Vanderbilt began her professional career as an actress, but she became known during the 1930s as the subject of a high-profile child custody trial in which her mother, Gloria Morgan Vanderbilt, and her paternal aunt, Gertrude Vanderbilt Whitney, each sought custody of her and control over her trust fund. Called the “trial of the century” by the press, the court proceedings were the subject of wide and sensational press coverage due to the wealth and prominence of all involved, and the scandalous evidence presented to support Whitney’s claim that Gloria Morgan Vanderbilt was an unfit parent.

Beginning in 1954, Vanderbilt focused on acting.
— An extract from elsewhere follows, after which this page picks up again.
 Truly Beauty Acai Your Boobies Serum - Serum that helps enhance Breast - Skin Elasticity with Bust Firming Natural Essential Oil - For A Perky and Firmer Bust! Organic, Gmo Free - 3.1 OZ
Her first stage production, The Swan, inspired the logo she later used as a fashion designer. Between 1954 and the early 1960s, she appeared on television in Playhouse 90, Studio One in Hollywood, and The Dick Powell Show. She also made numerous appearances on television interview programs over the years including Person to Person with Edward R. Murrow, The Tonight Show Starring Johnny Carson, The Oprah Winfrey Show, Live! with Kelly and Michael, and CBS News Sunday Morning. As an actress, her most recent credit was an episode of The Love Boat in 1981.

On April 9, 2016, HBO premiered Nothing Left Unsaid: Gloria Vanderbilt & Anderson Cooper, a two-hour documentary, produced and directed by Liz Garbus, that featured a series of conversations between mother and son, covering the mother’s storied life and family history in the public eye.
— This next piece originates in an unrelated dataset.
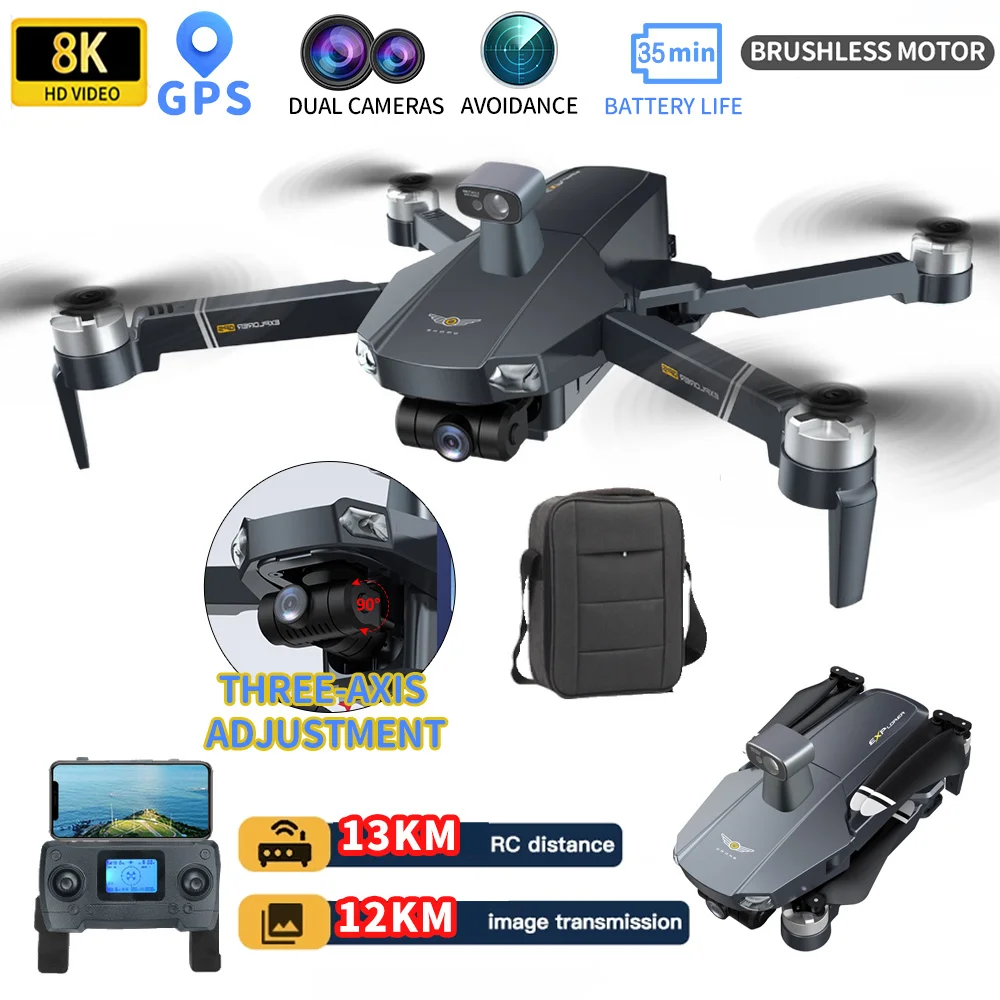 New 8819 GPS Drone 8K Profesional Dual HD Camera Drone 5G WIFI 3-Axis Gimbal Brushless Obstacl Avoid Distance 13KM RC Quadcopter
New 8819 GPS Drone 8K Profesional Dual HD Camera Drone 5G WIFI 3-Axis Gimbal Brushless Obstacl Avoid Distance 13KM RC Quadcopter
It was during the 1970s that Vanderbilt entered the fashion business. In 1976 her signature designer jeans were launched by Indian designer Mohan Murjani’s Murjani Corporation, with her signature embroidered on the back pocket, along with her swan logo.

Also an artist, Vanderbilt opened her first exhibition, Dream Boxes, at the Southern Vermont Arts Center in Manchester to critical praise. She launched another exhibition of 35 paintings at the Arts Center in 2007.
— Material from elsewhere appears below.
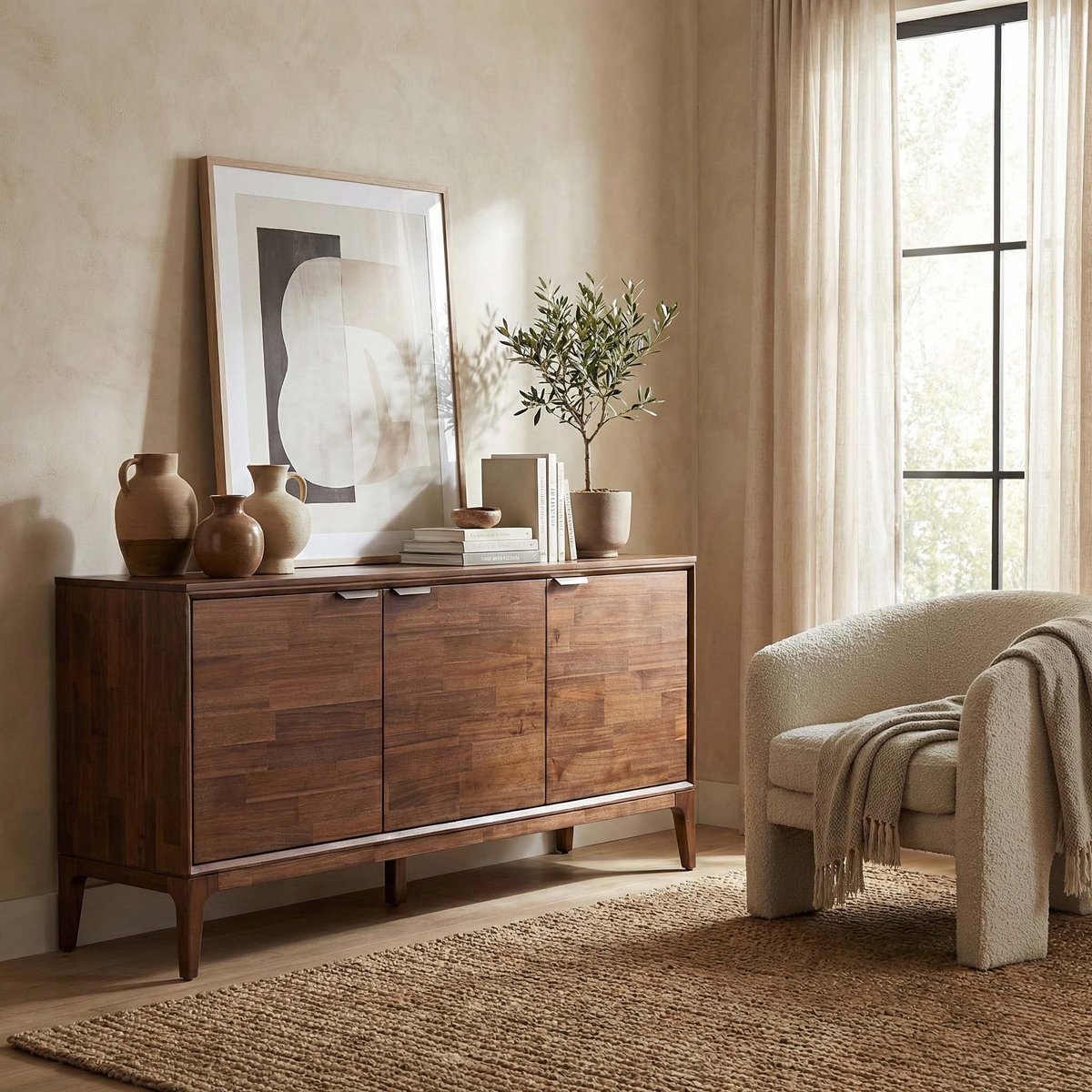 LH Home Allure Three Doors Wood Sideboard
Vanderbilt authored two books on art and home decor, four volumes of memoirs and three novels. She also was a regular contributor to The New York Times, Vanity Fair, and Elle. Most recently, HarperCollins Publishers released in 2016, The Rainbow Comes and Goes: A Mother and Son On Life, Love, and Loss, co-authored by Vanderbilt and Cooper. The book was described by the publisher as: “A touching and intimate correspondence between Anderson Cooper and his mother, Gloria Vanderbilt, offering timeless wisdom and a revealing glimpse into their lives.”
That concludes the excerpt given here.